┏━━

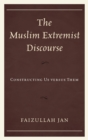 The Muslim Extremist Discourse : Constructing Us versus Them - Book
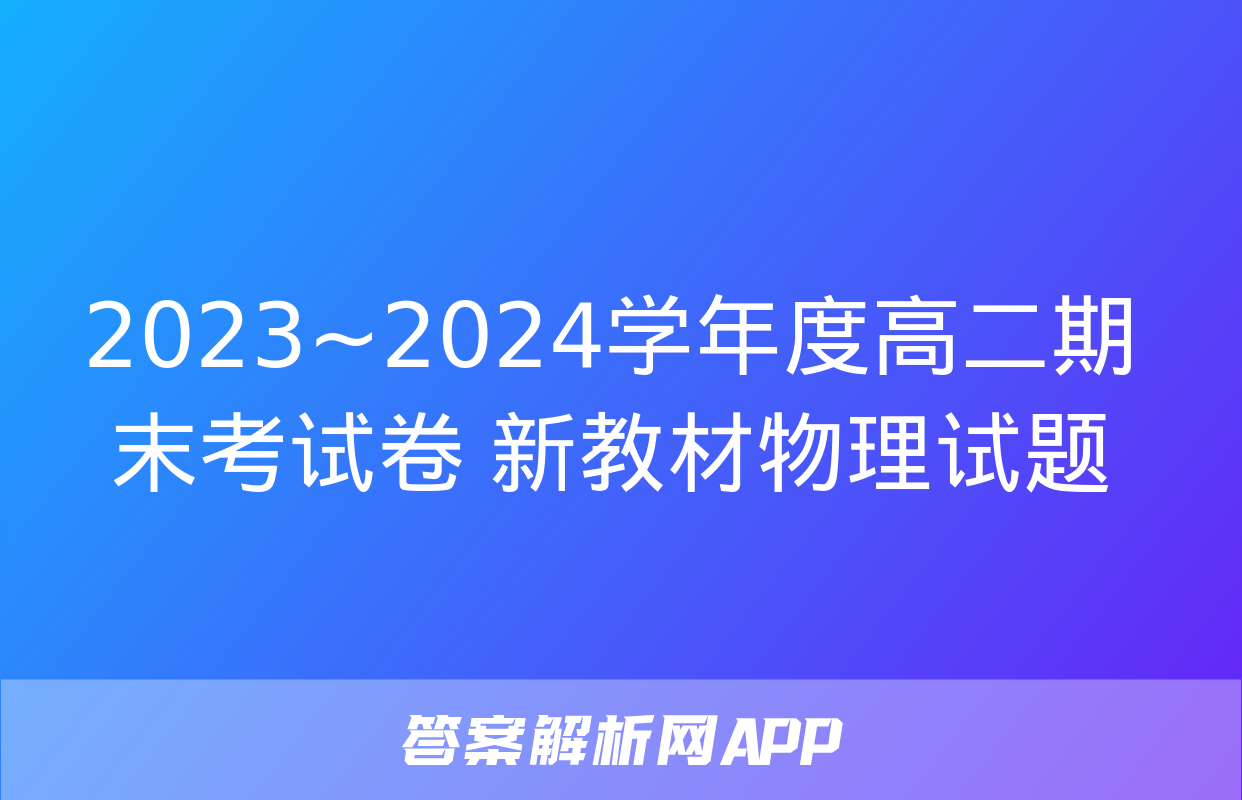 2023~2024学年度高二期末考试卷 新教材物理试题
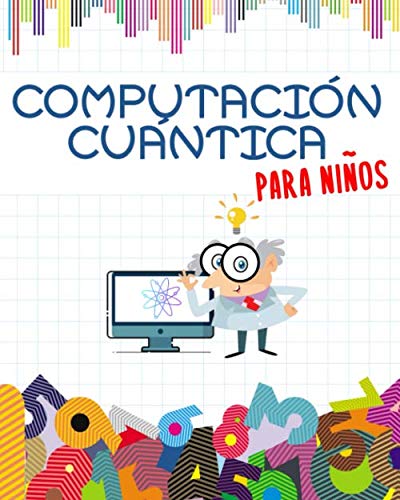 Libro: Computación Cuántica para Niños: Prepárate para el futuro | Libro educativo Para Niños | Ilustrado a Todo Color | Libro Grande (20 x 25 cm) (Spanish Edition)
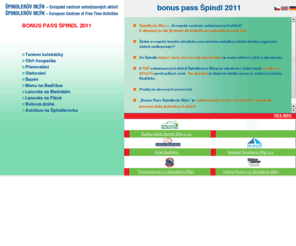 bonuspassspindl.cz: BonusPass-největší atrakce Špindlerova Mlýna na jednom místě
www.bonuspassspindl.cz, bonuspassspindl.cz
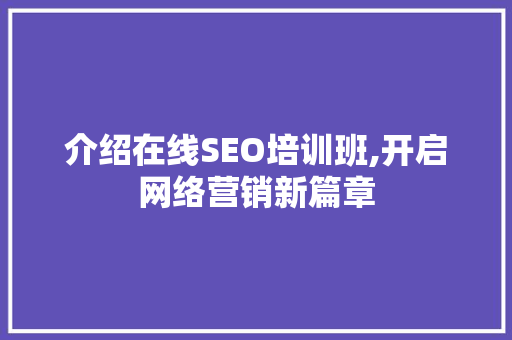 介绍在线SEO培训班,开启网络营销新篇章 GoogleSEO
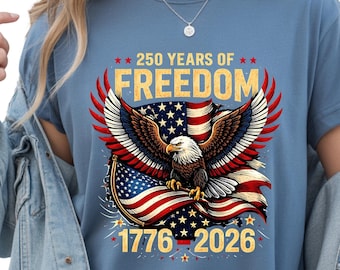 250 Years Freedom Shirt, American Eagle Patriotic Tee, 1776-2026 USA Graphic
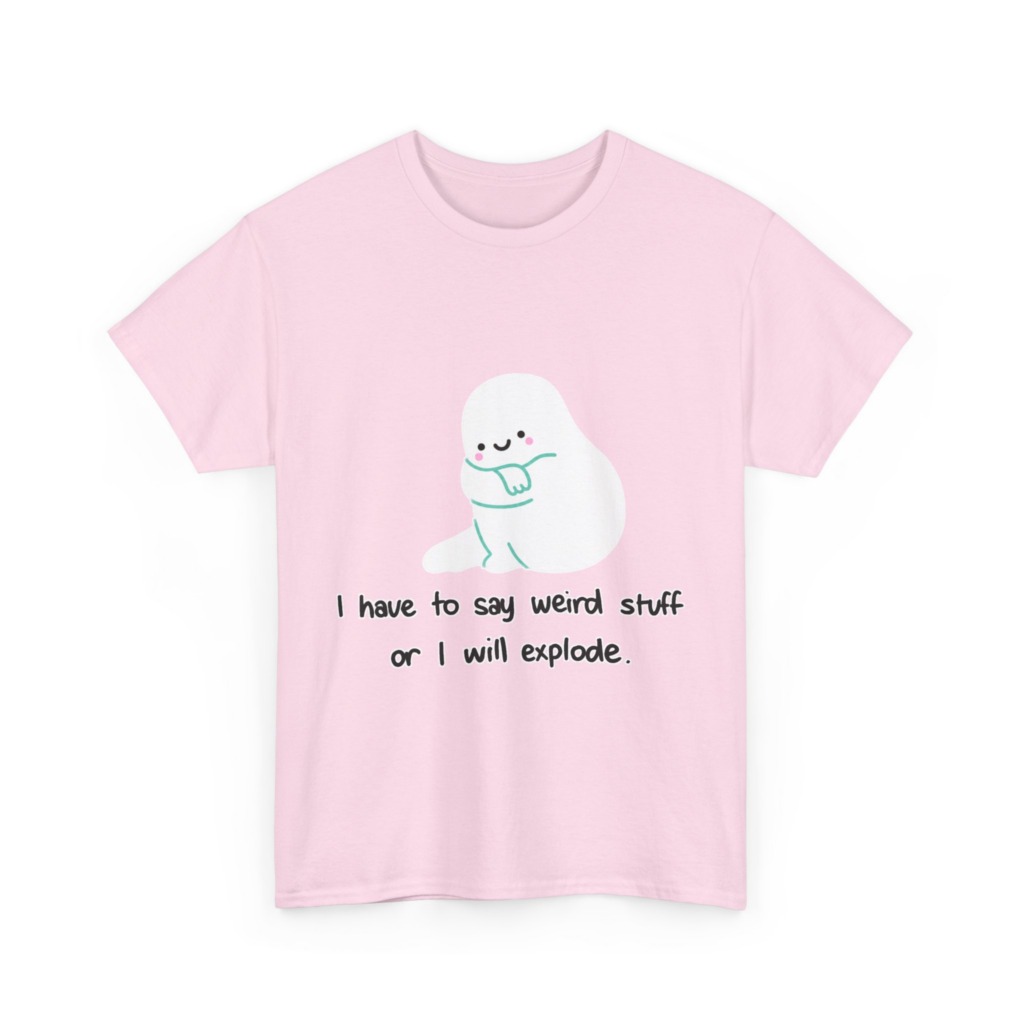Cute Blob 'I Have to Say Weird Stuff' T-Shirt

┗━━

__WORK INSTRUCTION__.
Please give again only those lines that run from the one containing "250 Years Freedom" through the final line of the listing, both included, exactly as written and without pictures.

__YOUR RESPONSE__.
 250 Years Freedom Shirt, American Eagle Patriotic Tee, 1776-2026 USA Graphic
Cute Blob 'I Have to Say Weird Stuff' T-Shirt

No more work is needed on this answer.